De roodharige man, die zijn intrek nam in de besneeuwde stad Arles, was een Nederlander en heette Vincent van Gogh. Nog geen 35 jaar oud had hij reeds een leven achter de rug, oneindig bewogener dan dat van zijn burgerlijke tijdgenoten, een leven dat echter in zijn tragische eenzelvigheid gedeeld werd door het merendeel van de grote kunstenaars uit het einde der vorige eeuw die, levend in een der gezapigste tijdperken van de wereldgeschiedenis, een onrust aan de dag legden, welke vaak aan waanzin grensde.

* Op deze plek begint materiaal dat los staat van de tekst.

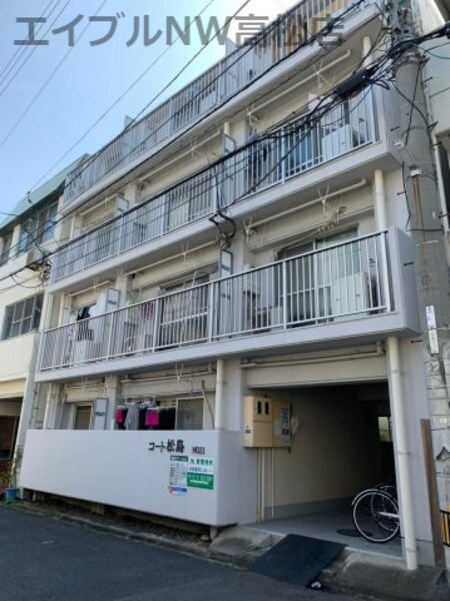 コート松島Ⅰ外観写真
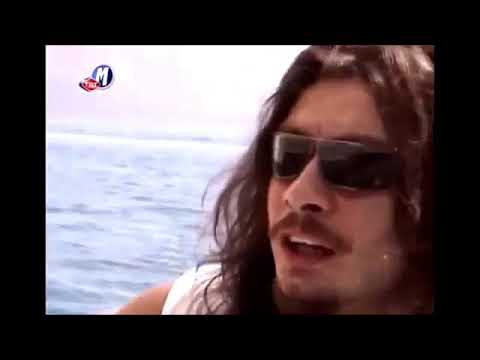 Deniz Üstü Köpürür - Barış Akarsu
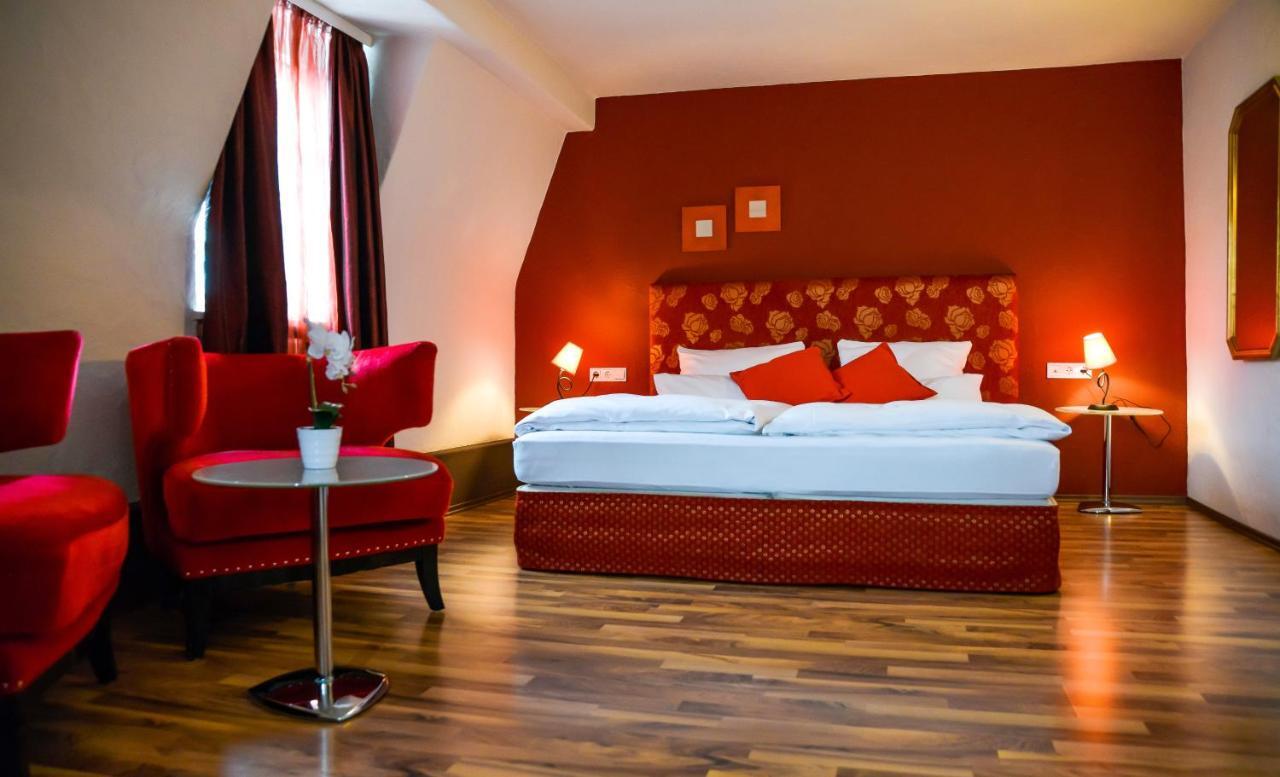 Hotel Engel Hilders Kültér fotó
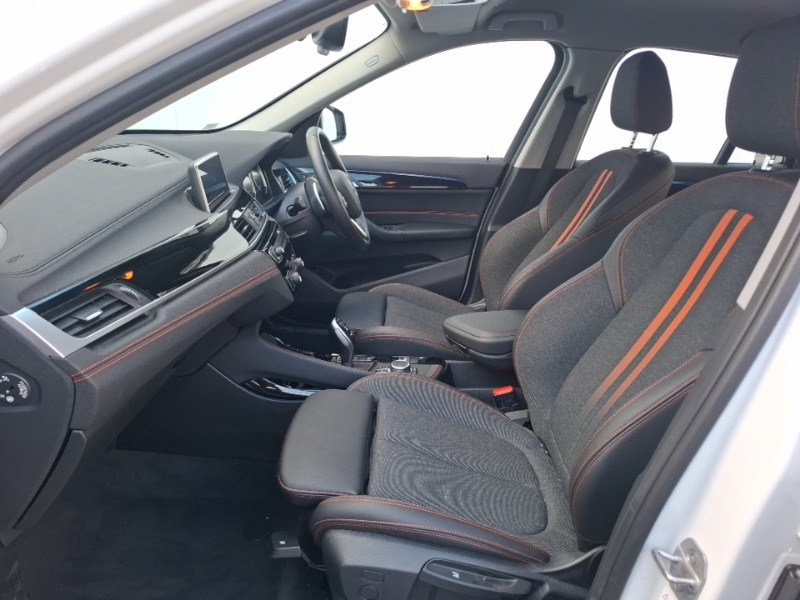 Used BMW X1 2022 for sale - 76556419: Photo 5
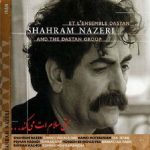 شهرام ناظری مستی سلامت می‌کند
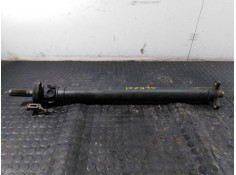 Recambio de transmision central para mercedes-benz clase c (w203) berlina 220 cdi (la) (203.008) referencia OEM IAM   P1-B6-28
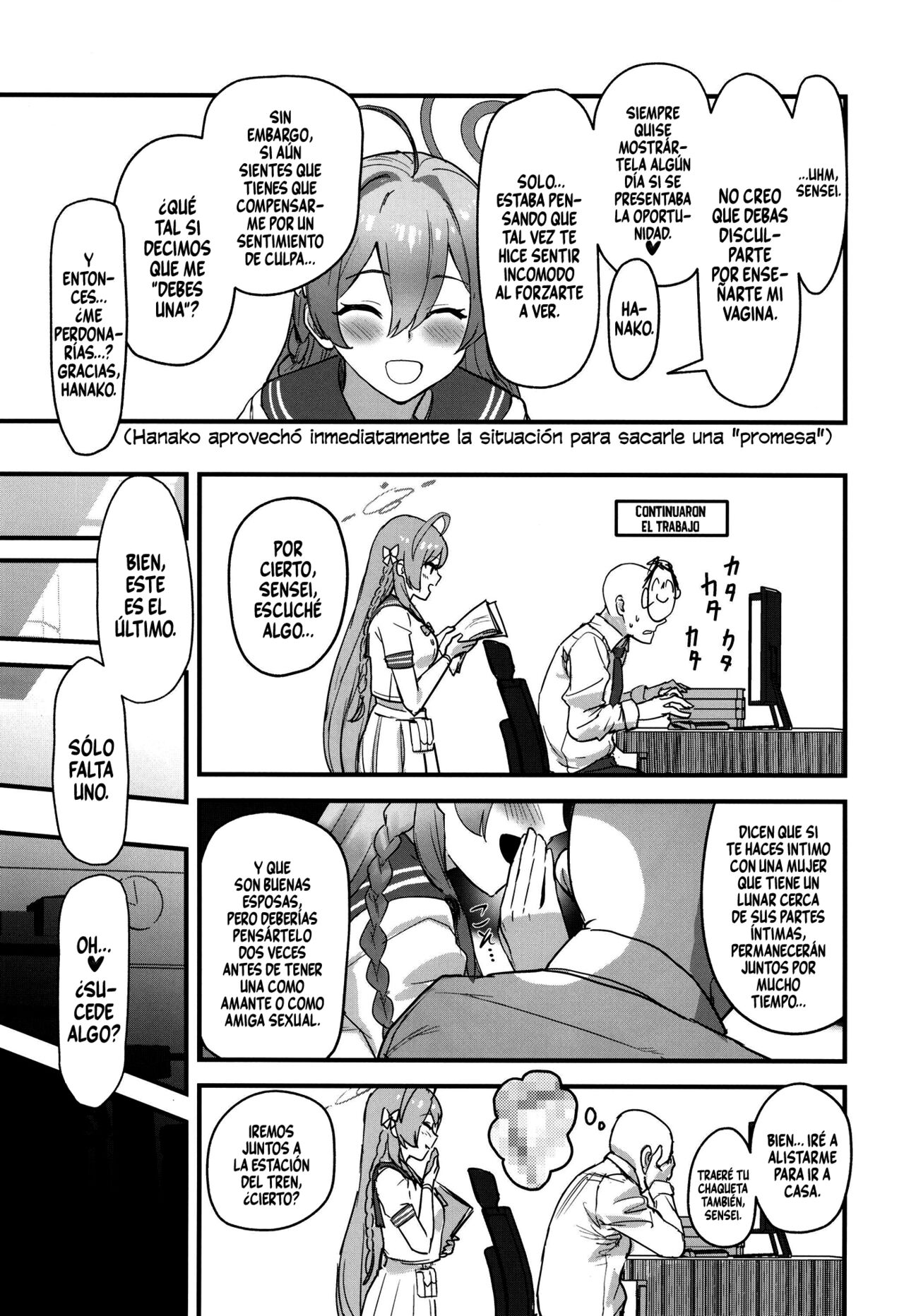 Aiyoku wa Muyoku ni Nitari page 9 full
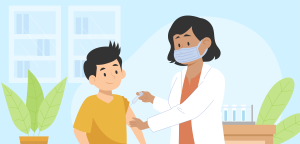 Illustration for the section Can Pneumonia be prevented?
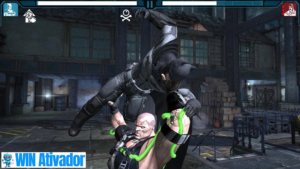 Baixar Batman Arkham Origins Torrent v1.999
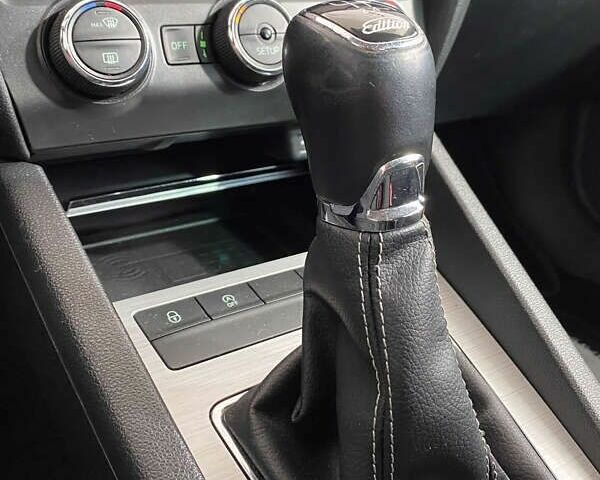 Шкода Октавия, объемом двигателя 1.6 л и пробегом 221 тыс. км за 12250 $, фото 20 на Automoto.ua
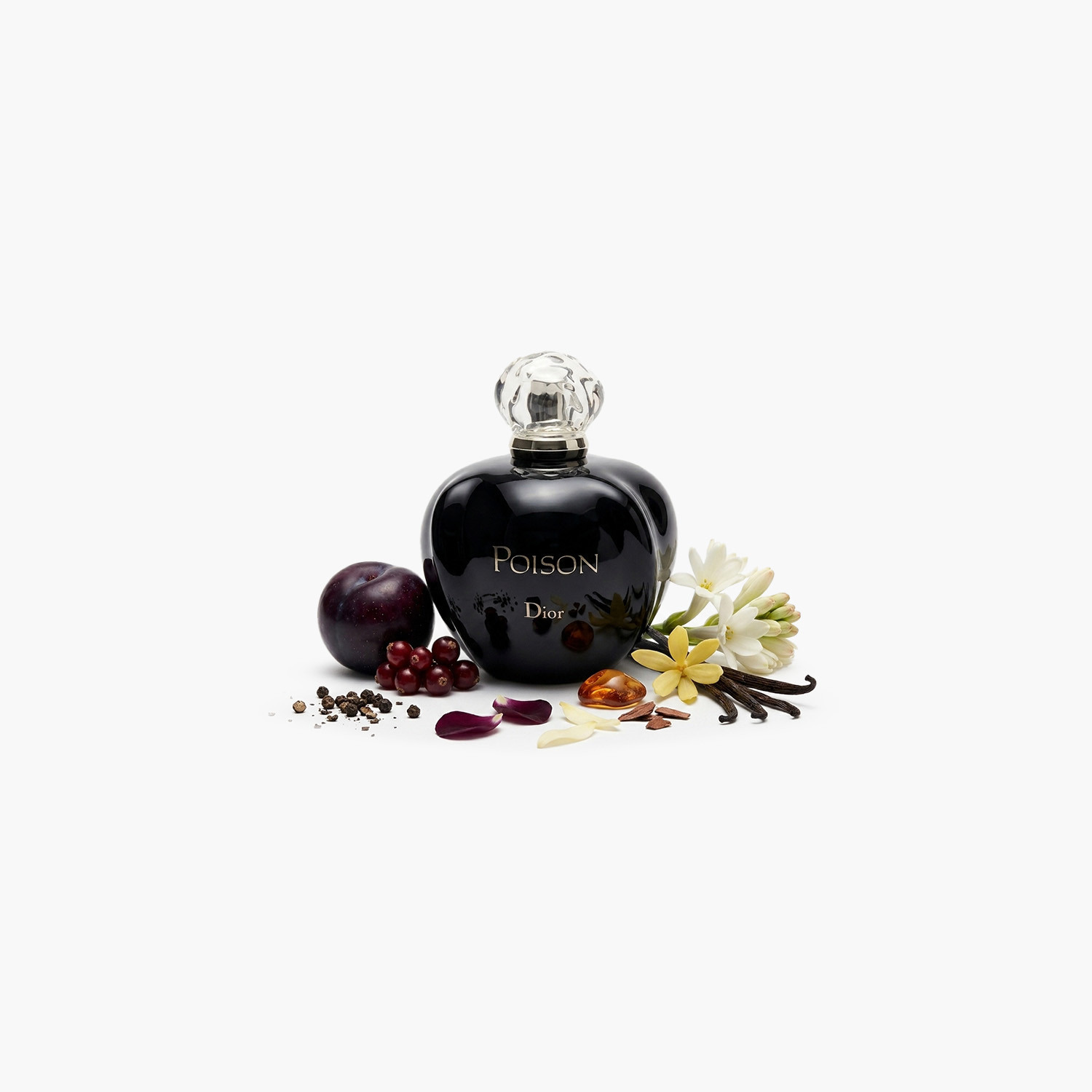 Christian Dior Poison Eau De Toilette Spray - 100 ml-beautyandpersonalcare-fragrance-women-image-3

Zonder het te weten waren zij de onweersprofeten van een naderende eeuw vol ramp en ongeval.
| |
| |
Op 30 Maart 1853 kreeg Anna Cornelia Carbentus-Van Gogh een zoon. Haar man, dominee Theodorus van Gogh noemde hem Vincent en gaf hem aan bij de burgerlijke stand van Zundert als Vincent van Gogh. Hij kon niet vermoeden dat hij die dag in het geboorteregister een naam liet neerschrijven welke in de komende eeuwen de mensheid even vertrouwd in de oren zou gaan klinken als de naam van die andere grote zoon der Nederlanden: Rembrandt. Hij zou dit ook nimmer tijdens de lange jaren dat hij Vincent's vader was bevroeden. Helaas, hij zou alleen de onbegrijpelijke en tragische zijde van dit gefolterd kunstenaarschap van nabij, vaak al te nabij, meemaken. Als kind was Vincent eenzelvig. Hij bemoeide zich weinig met zijn twee broertjes en drie zusjes die na hem geboren werden. Hij dwaalde door de Brabantse mastbossen op zoek naar vlinders en vogelnestjes, torren en bloemen. Op zestienjarige leeftijd wordt hij verkoper van schilderijen in een schilderijenzaak in Den Haag, die door zijn oom was opgericht en sindsdien een filiaal geworden was van de beroemde Galerij Goupil.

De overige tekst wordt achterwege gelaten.